Women's Soccer

Alana O’Neill leads Syracuse women’s soccer in goals despite playing defense

Jessica Sheldon | Photo Editor

Alana O'Neill scored twice in a game in August. The spark she provides to Syracuse's offense hasn't subsided.

Susan O’Neill followed her daughter’s game live on Twitter. The streaming site she normally used to watch Alana’s away games wasn’t covering the game, and she was constantly refreshing the page to see what was happening against Boston College.

Midway through her freshman season in 2014, O’Neill scored the first two goals of her career in that game.

“I couldn’t believe it,” Susan O’Neill said. “I was just so happy for her.”

Two years later as a junior, she once again scored two goals against Delaware on Aug. 21. Even as an outside defender, she continues to play a critical offensive role for Syracuse (8-5-3, 1-4-2 Atlantic Coast) with a team-high four goals in her 2016 campaign, which will visit Wake Forest (9-6, 1-6) on Thursday at 7 p.m.

But O’Neill has not always played right back. She has played almost every position for head coach Phil Wheddon, spending time at center back, forward, in the midfield, and now on the outside of the back line.
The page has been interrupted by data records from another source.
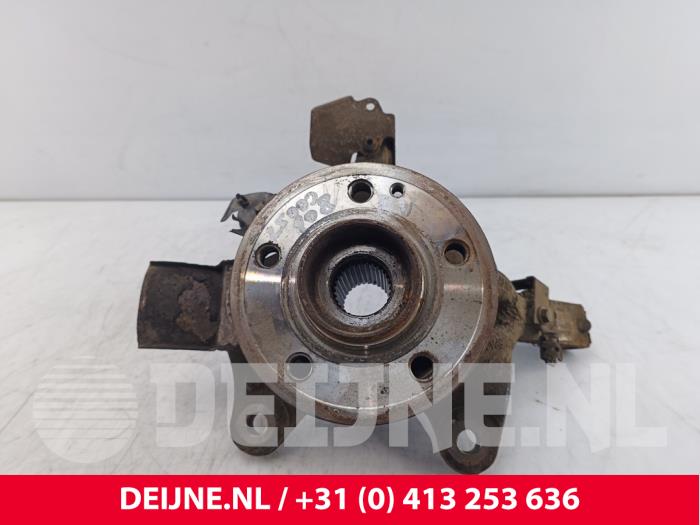 Mercedes Vito Fusee rechts-voor O257627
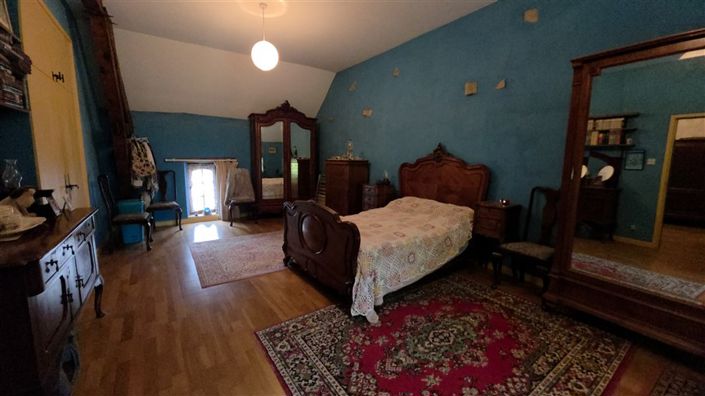 Image No.11-3 Bed House for sale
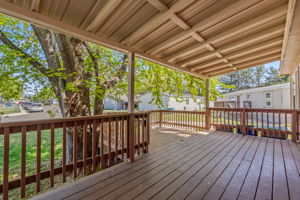 Front Porch/Entrance
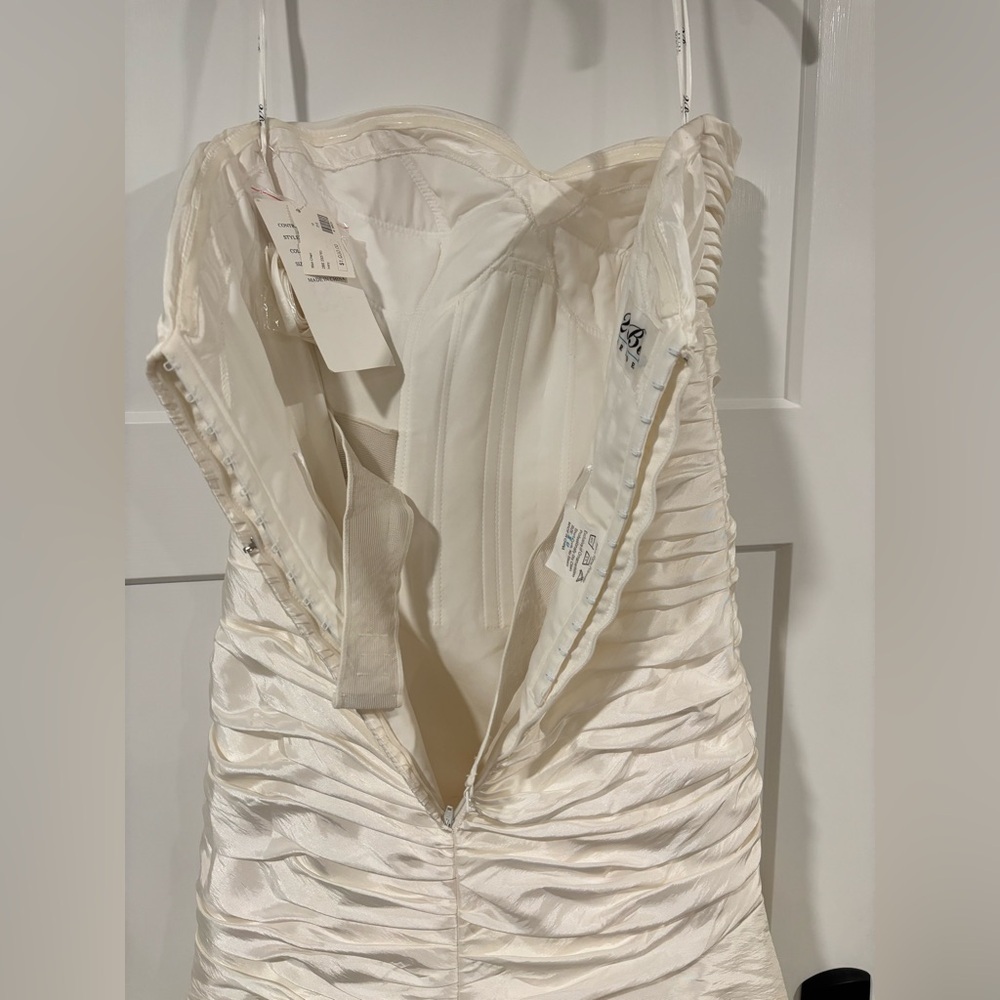 NWT 2BE Bride Mon Cheri ivory ruched taffeta mermaid wedding dress/gown size 10 - Picture 2 of 8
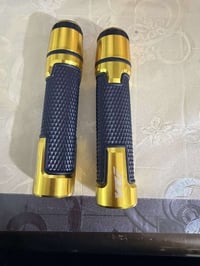 جنوط ذهبي ٢٠ • اطارات ٢٠ • غطاء بنزين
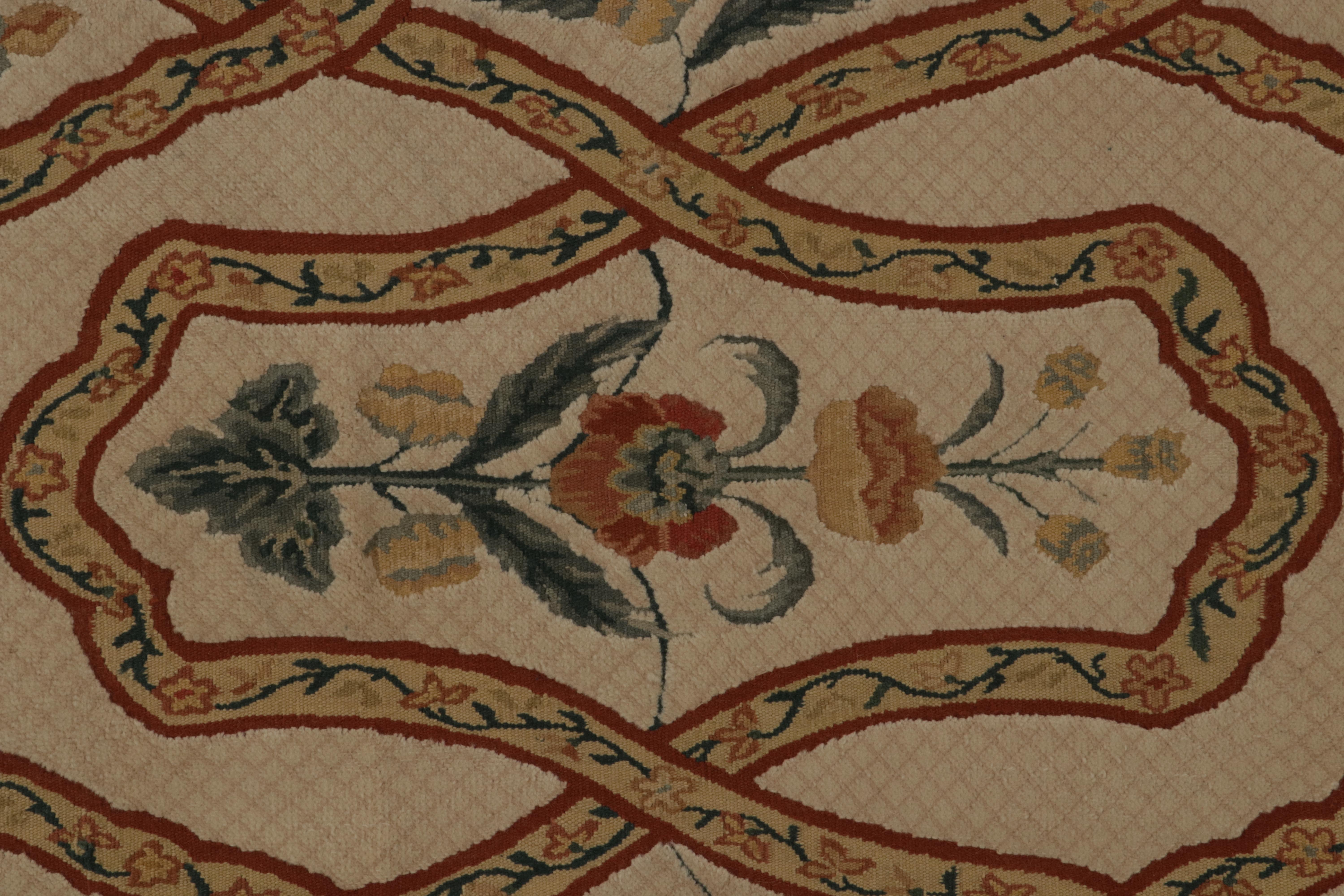 Europäischer Teppich von Rug & Kilim in Beige mit grünen und roten Blumenmustern (21. Jahrhundert und zeitgenössisch) im Angebot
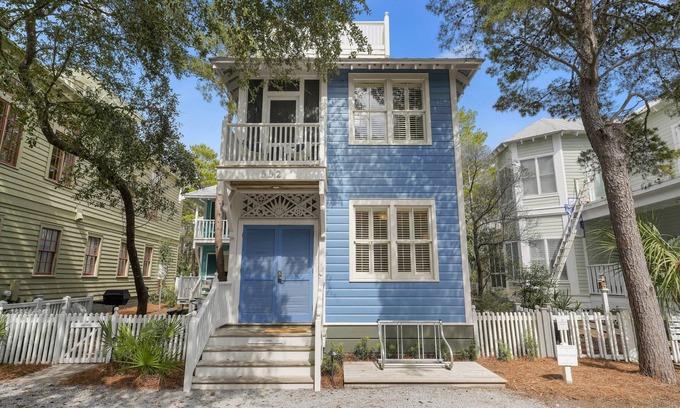 Seaside Casa | Pet Friendly in Seaside, Renovated & Easy Walk to Beach & Pools + 2 Bikes!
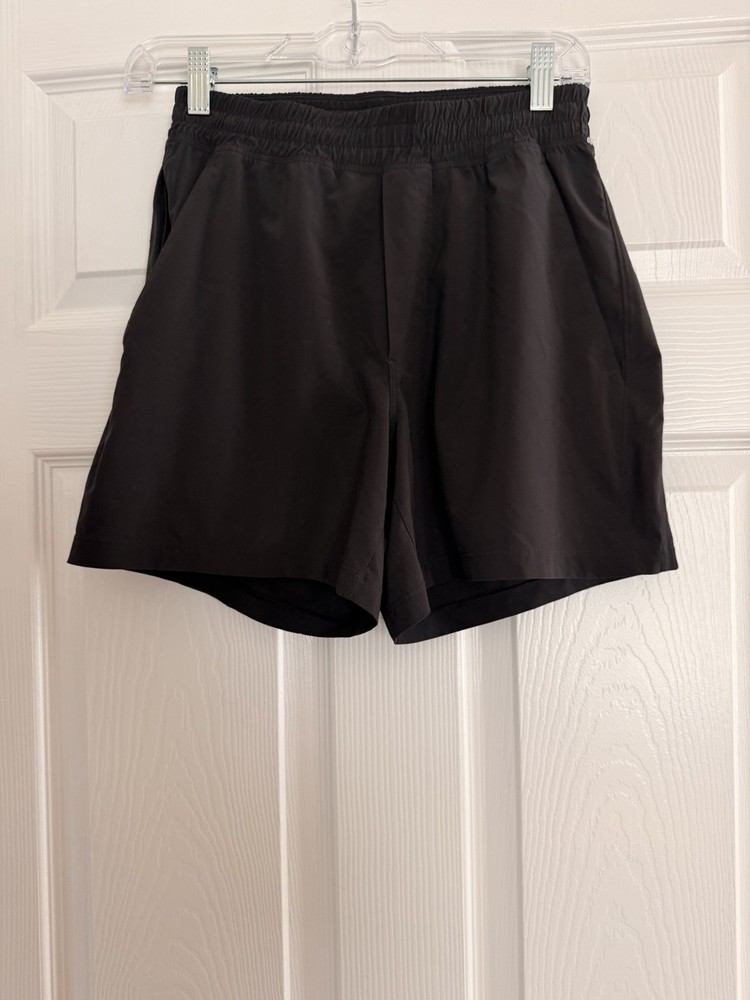 LULULEMON PACE BREAKER SHORT, NWOT, SQUARE DOT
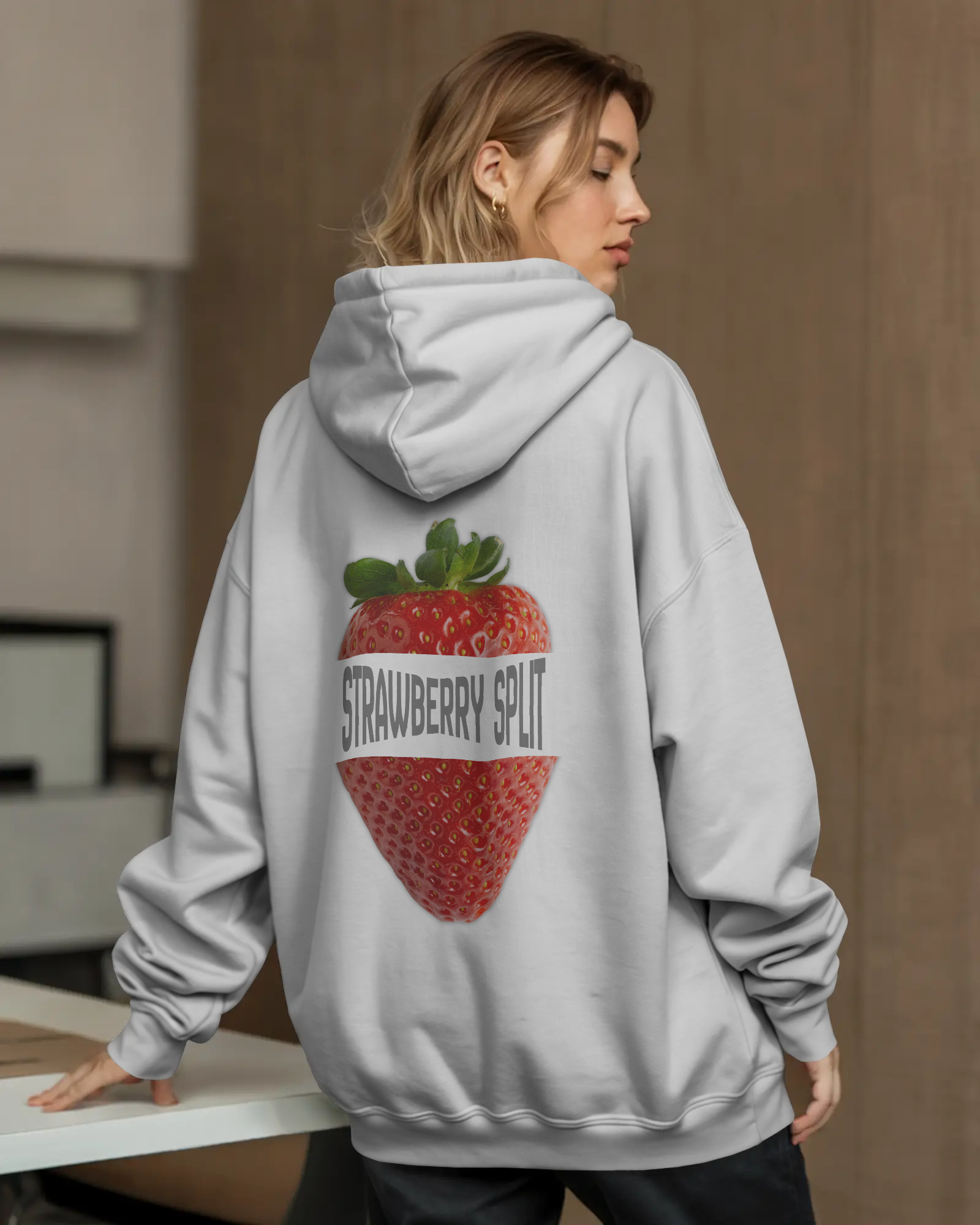 Strawberry Split – Oversize Hoodie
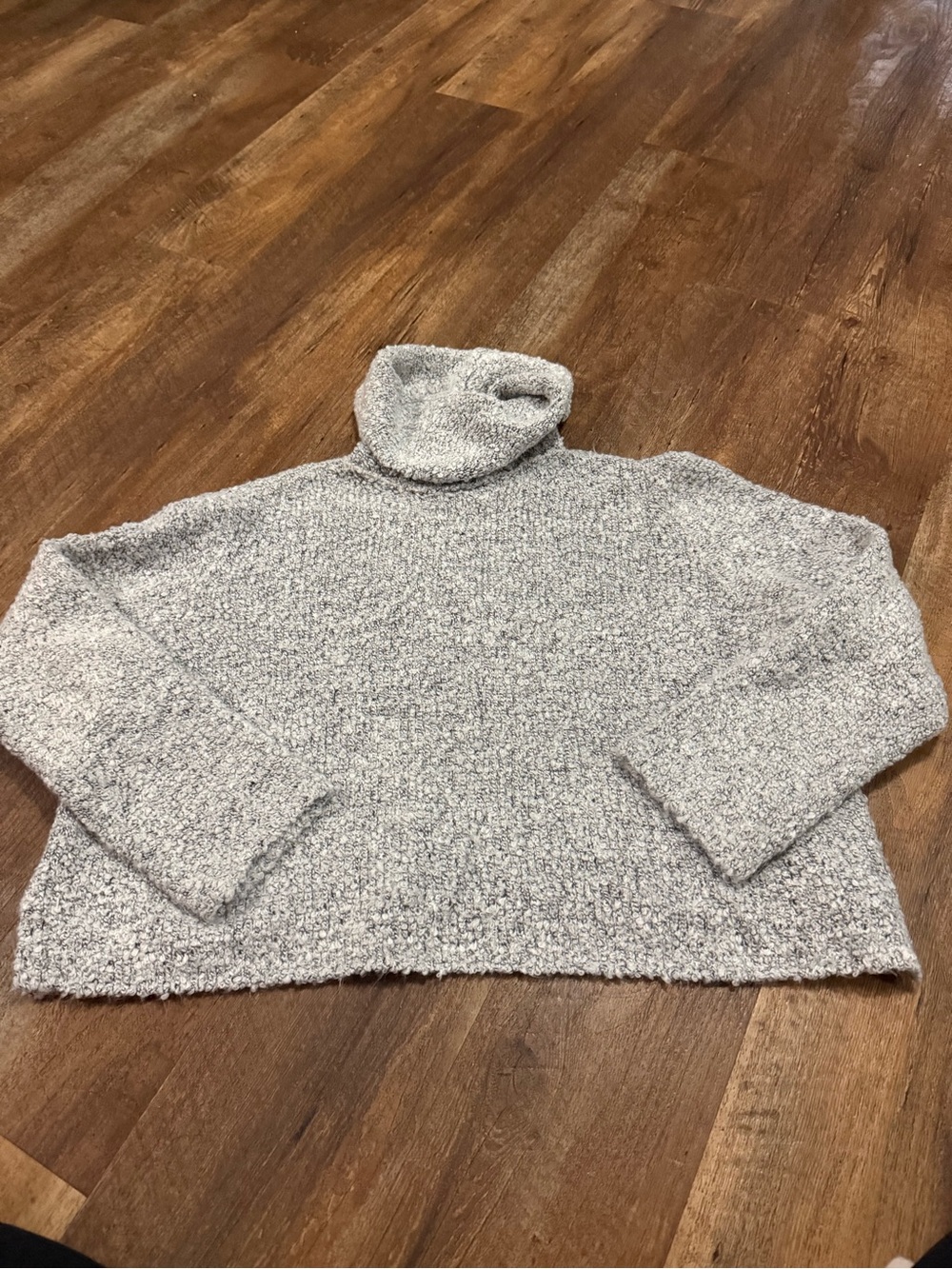 Women's Plush Gray Turtleneck Sweater - Cozy Knit Pullover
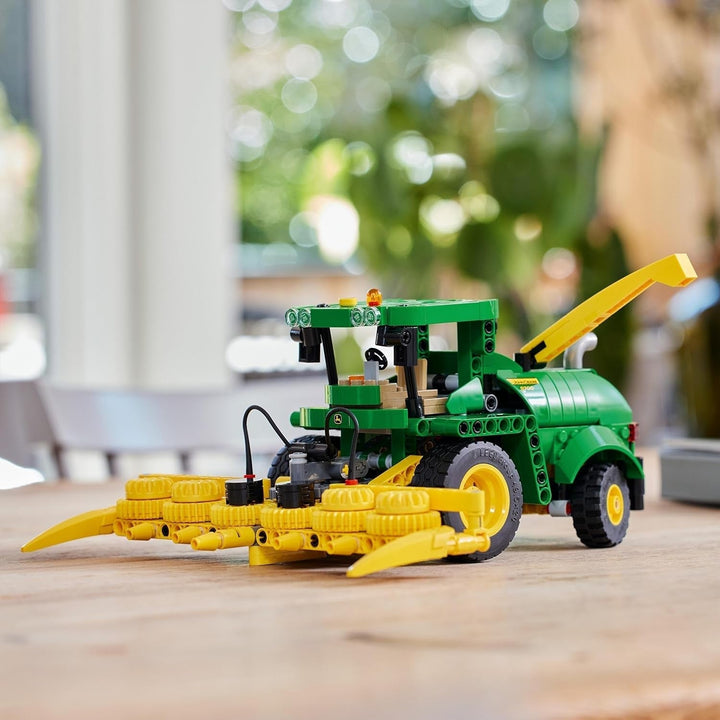 LEGO Technic John Deere 9700 Forage Harvester, Tractor de jucărie pentru copii, set de fermă, model de vehicul cu funcții realiste, cadou pentru băieți și fete de la 9 ani 42168 Seturi de constructie Besuche den LEGO-Store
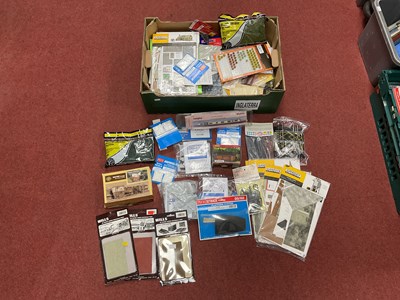 Lot 409 - A large box of 00 gauge/scale scenic and...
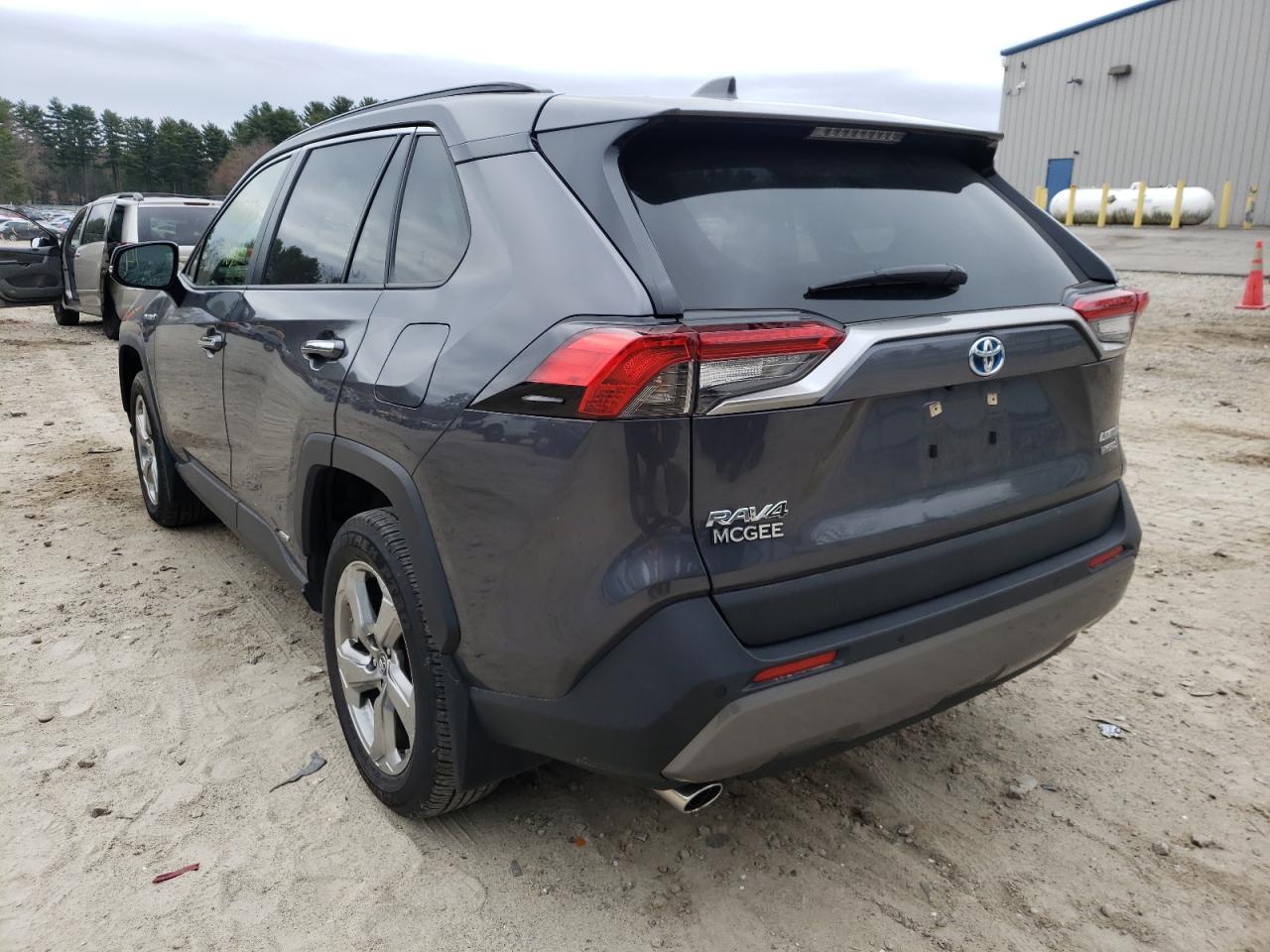 Photo 3 from auction – 2019 TOYOTA RAV4 LIMIT with VIN JTMDWRFV0KD004875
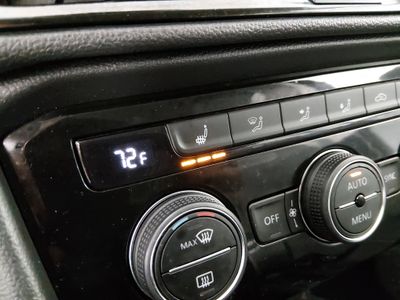 2024 Volkswagen Taos - Photo 17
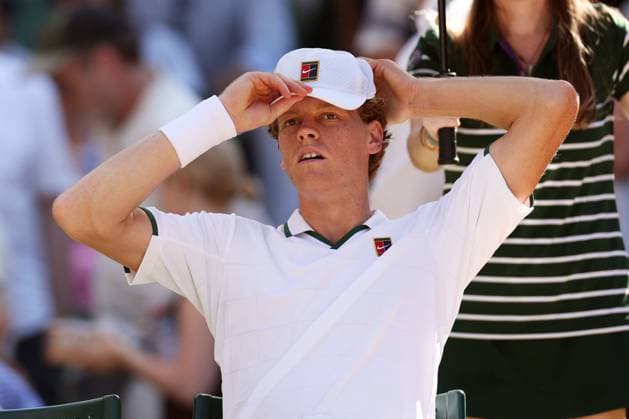Jannik Sinner changes his shirt between games during the Men s Singles final Wimbledon Tennis Championships, Day 14, The All England Lawn Tennis and Croquet Club, London, UK - 12 Jul 2026London The All England Lawn Tennis and United Kingdom  Copyright: xEllaxLing Shutterstockx 16981034bc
“Alana is a coach’s luxury,” Wheddon said. “She can play a bunch of different positions and she is willing to play a bunch of different positions.

Coming into her freshman year, she made the transition from playing forward for her club and high school teams to playing center back in arguably the strongest conference in the country.

The position was foreign to her, O’Neill said. She never understood the tactical awareness that went into playing the position. It was the hardest adjustment that she has ever had to make in soccer.

“I had no clue what being a center back at the ACC level entailed,” O’Neill said. “Come ACC play I realized this was a lot harder than I thought it would be.”

Coming off two years of playing center back, O’Neill is just happy to be away from that position. Unlike at center back, playing on the outside, she gets attacking opportunities. There are times when she has to bring the ball up the field and generate offense. During the nonconference schedule, she played a mix of back line and on the wings.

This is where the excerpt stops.